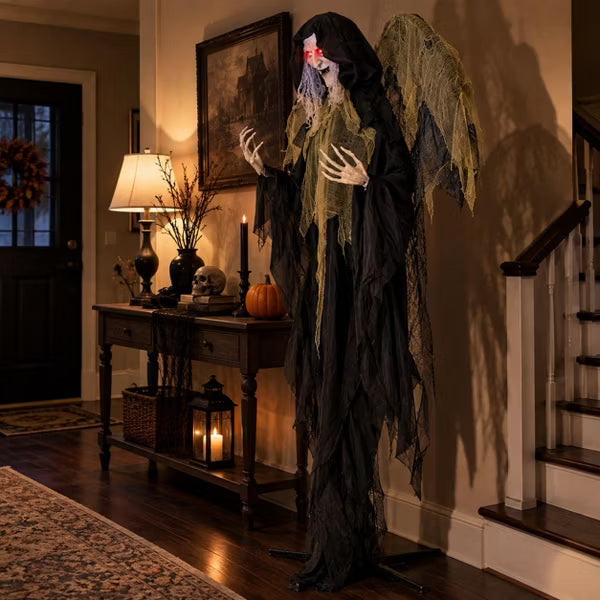8.2 FT Halloween Standing Witch, Poseable Halloween Prop for Haunted House, Garden, Yard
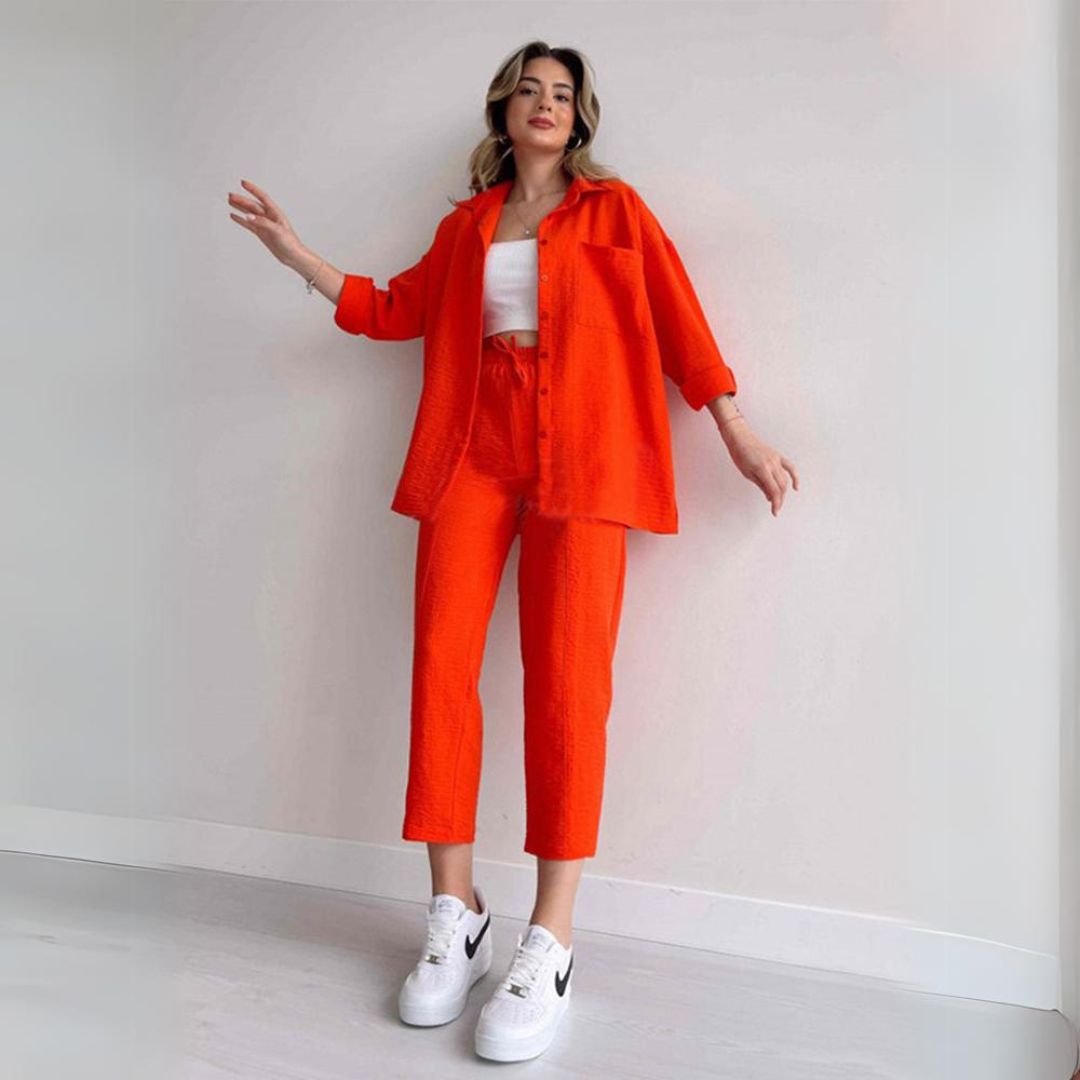 Versatile women's matching outfit set. Elegant, comfortable two-piece with linen long sleeve top & wide leg pants.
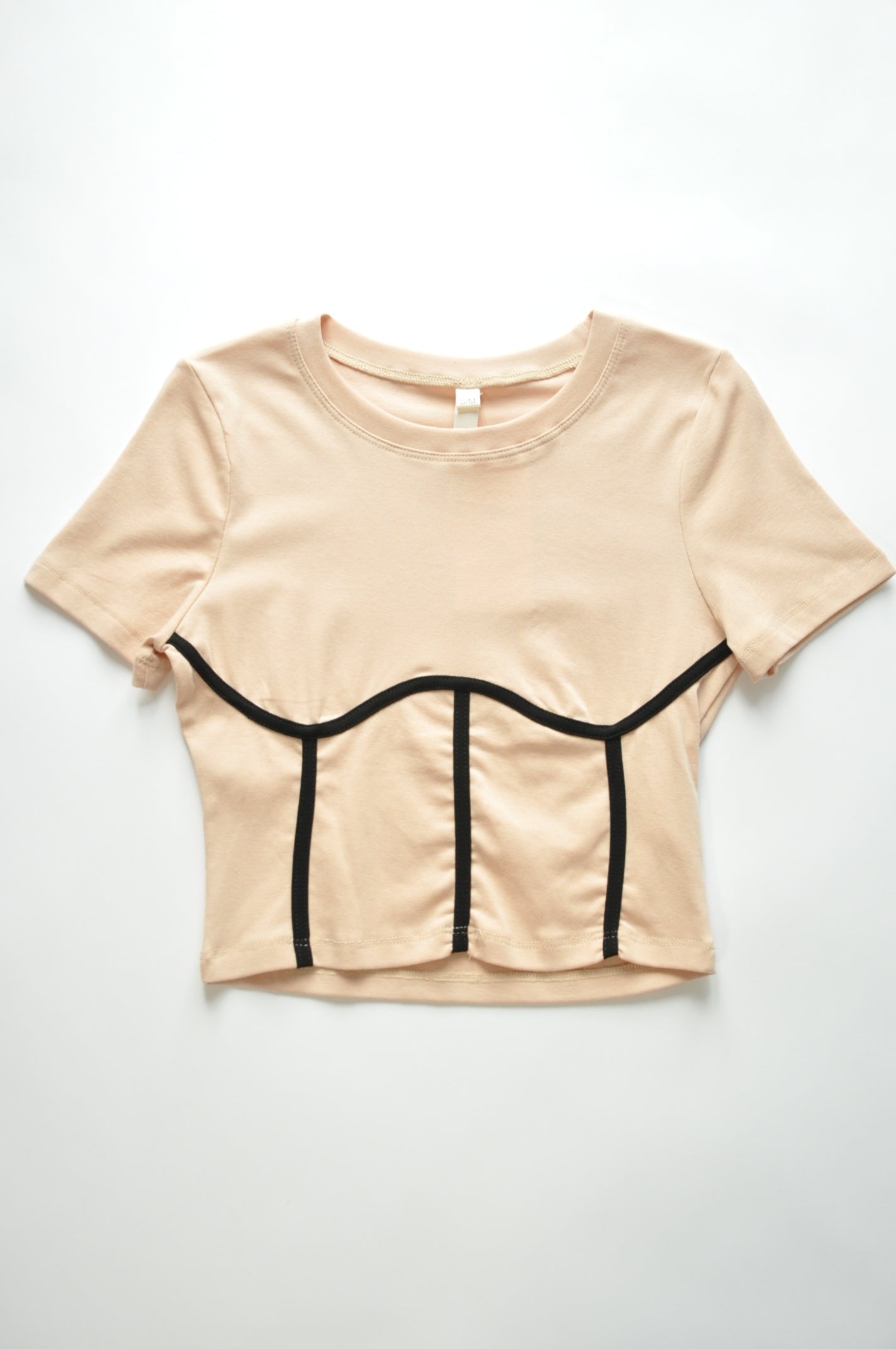 Nude corset shape crop top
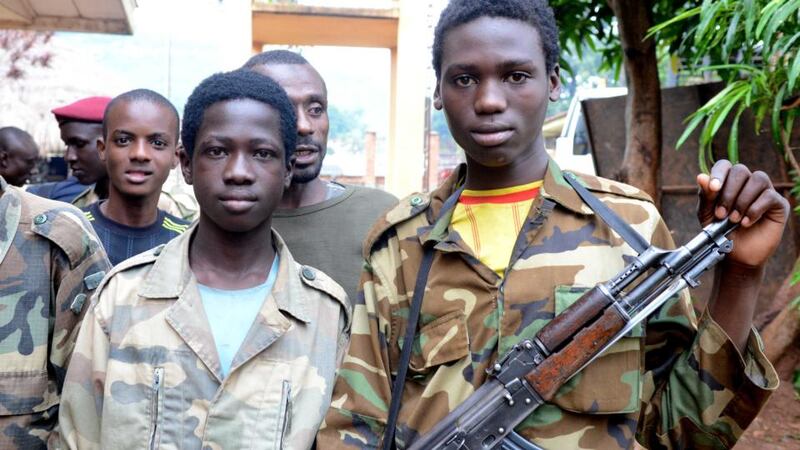 Young Seleka fighters in Bangui in CAR. Photograph: Xavier Bourgois/AFP/Getty Images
..............................
- Goal of the exercise:
Restate the entire listing word for word, excluding pictures.

- Output of the task:
8.2 FT Halloween Standing Witch, Poseable Halloween Prop for Haunted House, Garden, Yard
 Versatile women's matching outfit set. Elegant, comfortable two-piece with linen long sleeve top & wide leg pants.
 Nude corset shape crop top
 Young Seleka fighters in Bangui in CAR. Photograph: Xavier Bourgois/AFP/Getty Images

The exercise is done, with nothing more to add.